WASHINGTON – A group of Apache historic preservation officers is alleging that the National Park Service is improperly implementing the Native American Graves and Repatriation Act.
In a letter sent to Secretary of the Interior Ken Salazar in September, the Western NAGPRA working group said the NPS is allowing improper cataloguing of sacred and holy tribal items.
NAGPRA is a federal law passed in 1990, which created a legal process for museums, federal agencies and institutions that receive federal funding to return American Indian human remains and cultural items to respective tribes or lineal descendants.
Many of the authorities under the law are delegated to the NPS, which lies in the Interior Department.
According to the letter, instances have occurred where museums have identified items as “cultural items” when they should in fact be called “sacred objects,” “objects of cultural patrimony” or both, as set forth in the law.
The distinction is important, the officers said, because it affects the status of the items and could impact their ability to get the items back in a timely manner.
“An acknowledgment that items are both sacred objects and objects of cultural patrimony is an admission that a museum, at a minimum, has items that are not rightfully their property, or, at a maximum, that a museum was at least party to wrongdoing,” the letter said.
“Such an admission would provide a measure of justice and peace of mind to Apache communities that were wronged so many years ago.”
D. Bambi Kraus, president of the National Association of Tribal Historic Preservation Officers, said the Apaches view the proper implementation of NAGPRA as a matter of civil rights.
“For a healing process to occur, they want the proper designation made,” said the Tlingit Alaskan Native. “I think that makes sense.

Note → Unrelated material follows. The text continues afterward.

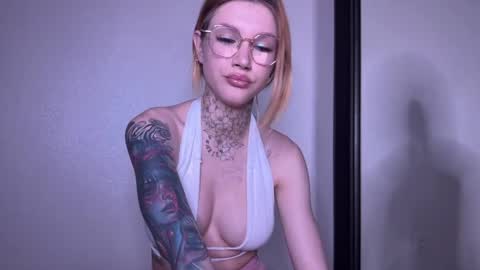 Snapshot of lola_sunnie chatting on 05/03/26, 07:31 Adelia online show from 05/03/26, 07:31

“NAGPRA calls for that process to happen, so it should be happening.”
Salazar has yet to respond to the letter, but the issue was scheduled to be on the agenda of a national NAGPRA review committee meeting held in Florida.
Earlier in October, Steve Titla, a lawyer for the San Carlos Apache Tribe, raised the issue at a hearing of the House Committee on Natural Resources focused on faulty NAGPRA implementation.
Rep. Nick Rahall, D-W. Va., said he and Sen. Byron Dorgan, D.-N.D., have requested a Government Accountability Office study on federal agency compliance with NAGPRA and research on how appropriated funds are being used.